Hou Hongxu, a professor and doctoral supervisor at IMU said that such a system is of practical significance.
When it comes to industrial robots, Tang Shufeng, a technical expert at a Hohhot-based auto company was not optimistic.
"Most of the industrial robots are imported from foreign countries and don't sell well in Inner Mongolia. But I think the robots used for education have become compulsory in primary and middle schools," said Tang.
Tang, who has been engaged in AI research for more than 10 years, expressed his worries over the lack of technology workers.
"Inner Mongolia has a large pool of workers skilled in AI technologies, but suffers from a brain drain due to the inadequate development of AI in the region," he said.
"Even local skilled workers prefer high-tech companies in the Beijing-Tianjin-Hebei region, Yangtze River Delta, and Pearl River Delta," said Hou Hongxu.
China lacks more than one million skilled technology workers, according to tech giant Tencent's new "2017 Global AI Talent White Paper" released on Dec 1.
Given this situation, Hou pointed out that the key challenge for AI development in the region is the shortage of workers, stressing that he hoped the local government will enact more preferential policies to retain and attract workers.
Rock 1, a security robot developed by experts from Rochester Institute of Technology, Beihang University, and Chinese Academy of Sciences, unveils in Hohhot, capital of North China's Inner Mongolia autonomous region, July 28, 2017. [Photo/sina.com]

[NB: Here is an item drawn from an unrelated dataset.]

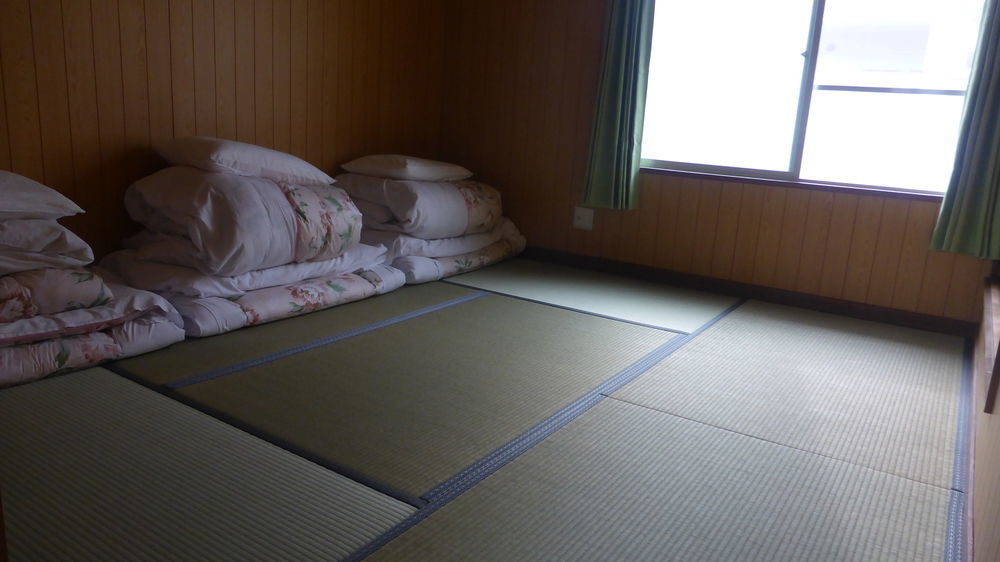 Toufuku Inn 京都市 エクステリア 写真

Hohhot has been looking to expand the scale of the AI industry in the city, according to guidelines issued in September this year. The Guidelines on Application of the City's Science and Technology Projects were published by the Science and Technology Bureau, and Finance Bureau of Hohhot, encouraging the application of projects for Unmanned Aerial Vehicles (UAVs), AI, and intelligent processing.
"Promoting the development of AI is the general trend," said Chi Bo, a director from the Science and Technology Department of Inner Mongolia.

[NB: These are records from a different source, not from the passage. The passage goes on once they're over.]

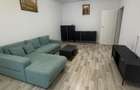 APARTAMENT/PARCARE SUBTERANA  ANAF/PLAZA RESIDENCE - 1
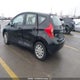 3N1CE2CP3EL363750 2014 Nissan Versa Note 1.6 S/1.6 Sl/1.6 Sv auction photo thumbnail 3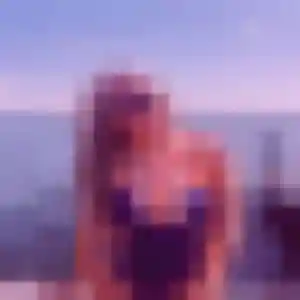 plan cul à Préval : photo de Ama, 36 ans - sans engagement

Chi claimed that an increasing number of high and new technology companies have been established in Inner Mongolia. Statistics reveal that there are 520 high-tech companies in the region, providing a sound environment for AI development.

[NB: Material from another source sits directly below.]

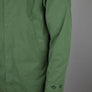 Pretty Green Feltham Parka Khaki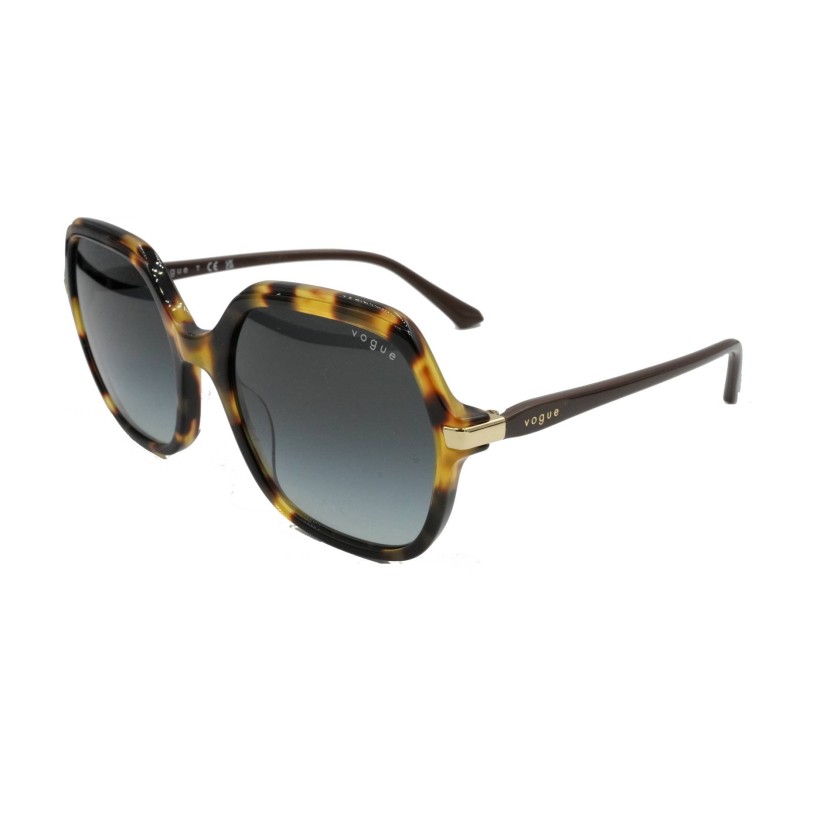 IDEA MOCOA S0229RW-03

Yu Guangjun, director of the Institute of Economics at the Inner Mongolia Academy of Social Sciences, said that AI technology is still in the early stages of development.
Still, some are worried that humans will become obsolete and robots will put people out of work.
Technological change always raises fears of mass unemployment, Yu noted.
"Artificial intelligence is now taking over some repetitive jobs, but those that require lots of human communication won't be easily automated," stressed Yu, adding that automation could liberate people from drudgery.